> _Short descriptive text snippets_:
+ + +
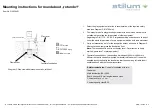 Предварительный просмотр 2 страницы stilum rotundo1 Mounting Instructions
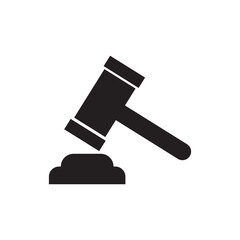 An icon of auction law in modern design style, ready to use vector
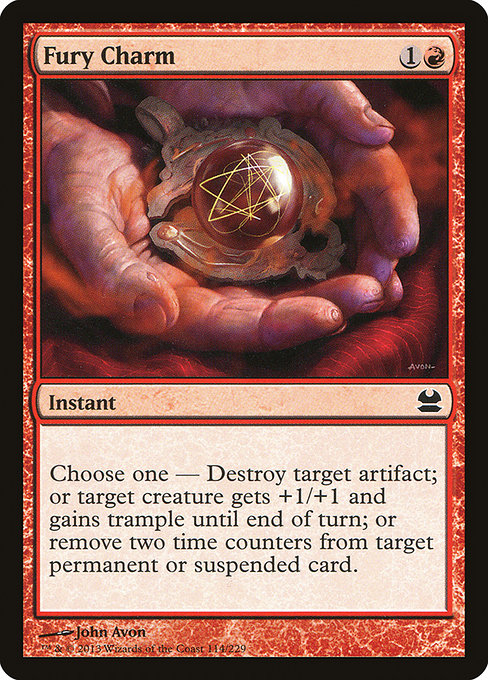 Fury Charm from Modern Masters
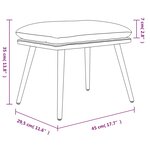 vidaXL Repose-pied Rouge 45x29 5x35 cm Tissu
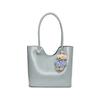 Bolsa Tote de Grande Capacidade para Mulheres Estilo Coreano Nova Moda Bolsa de Mão Versátil Primavera 2025 Nicho Bolsa de Ombro Simples para Mulheres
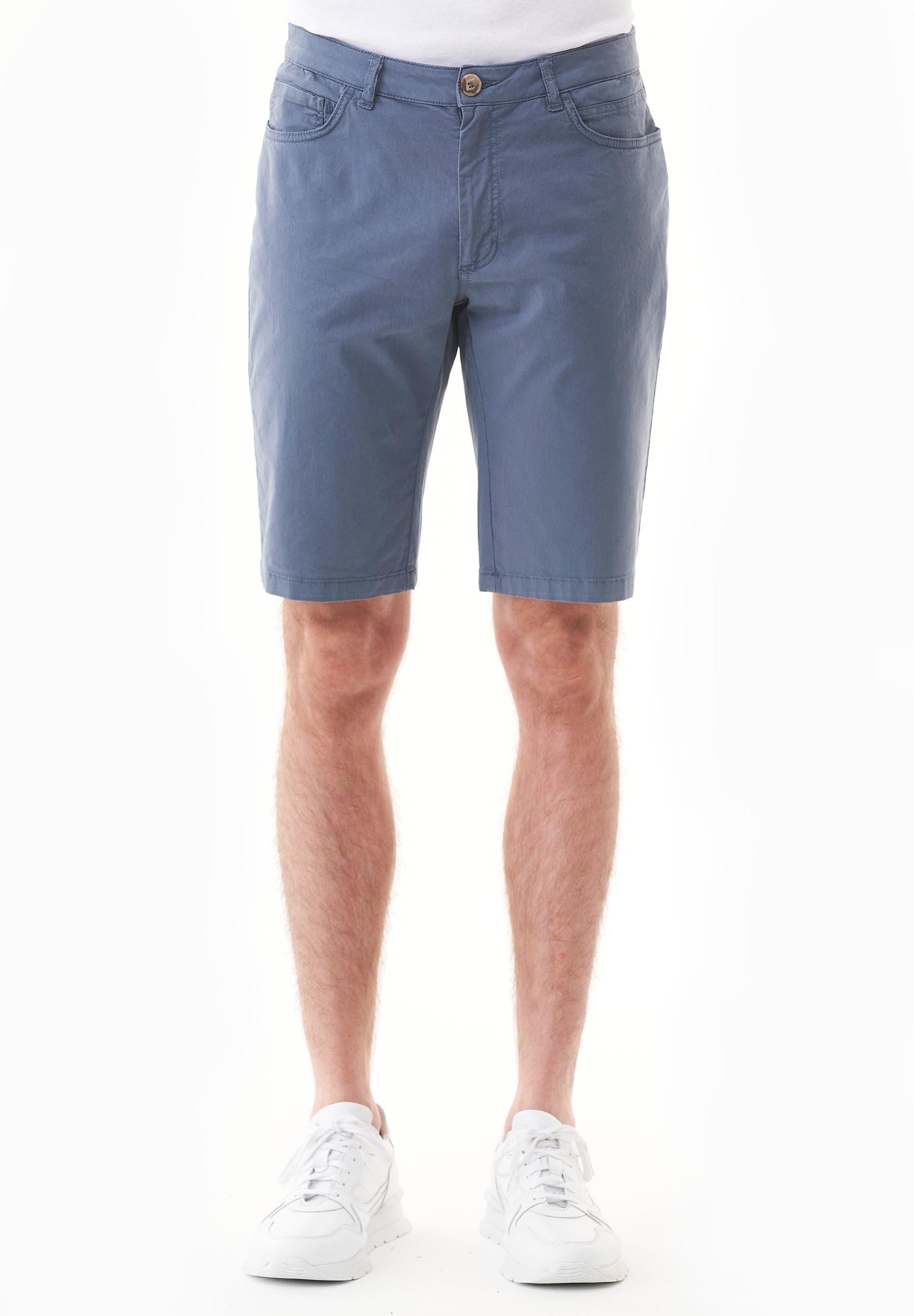 Men's Regular Fit Organic Cotton Shorts Vintage Blue – ORGANICATION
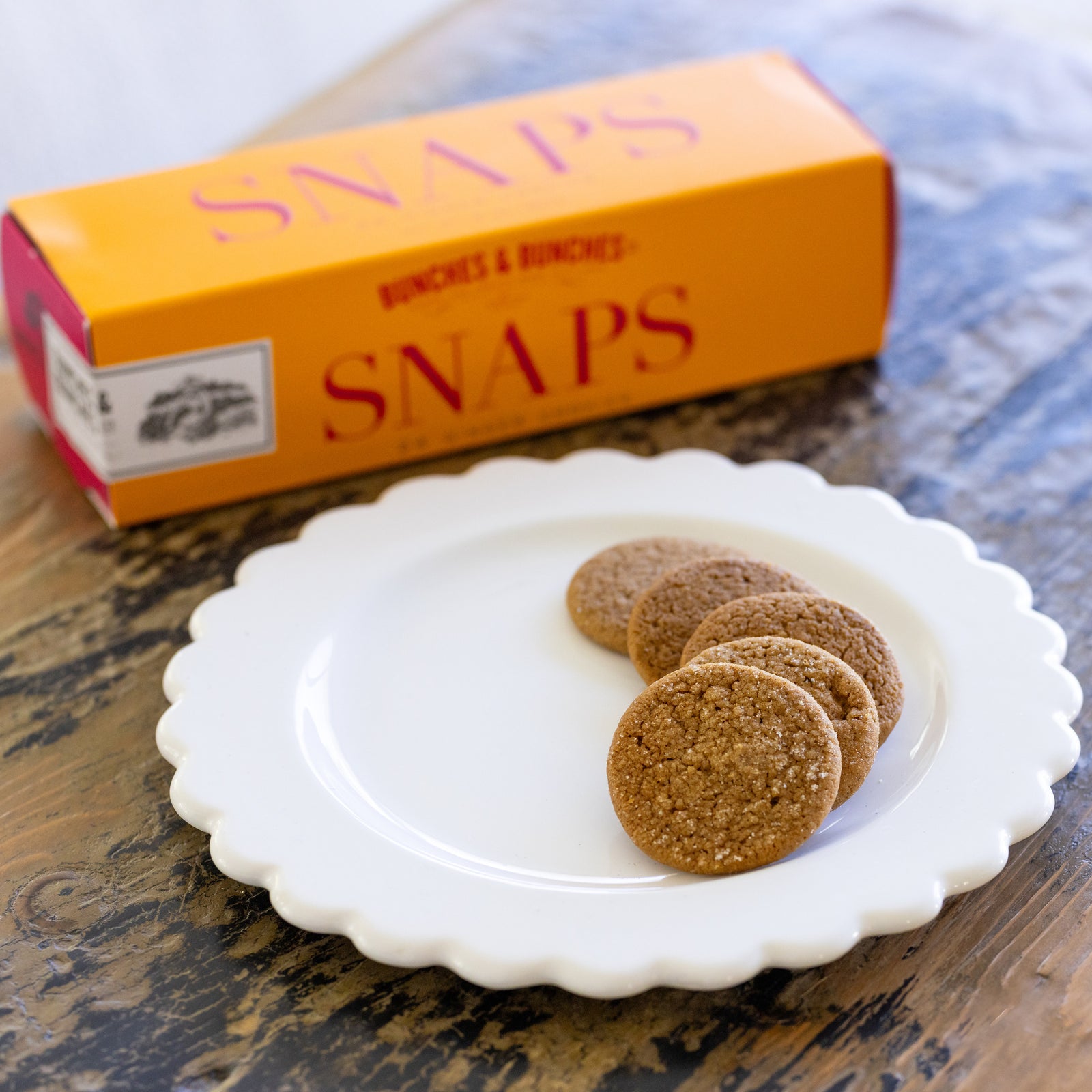 Snaps Gingersnap Cookies Treat Caffe Luxxe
+ + +
> _EXERCISE DIRECTIONS_: Set down all the lines above exactly as they appear, with no pictures.

> _WRITTEN REPLY_:
 Предварительный просмотр 2 страницы stilum rotundo1 Mounting Instructions
 An icon of auction law in modern design style, ready to use vector
 Fury Charm from Modern Masters
 vidaXL Repose-pied Rouge 45x29 5x35 cm Tissu
 Bolsa Tote de Grande Capacidade para Mulheres Estilo Coreano Nova Moda Bolsa de Mão Versátil Primavera 2025 Nicho Bolsa de Ombro Simples para Mulheres
 Men's Regular Fit Organic Cotton Shorts Vintage Blue – ORGANICATION
 Snaps Gingersnap Cookies Treat Caffe Luxxe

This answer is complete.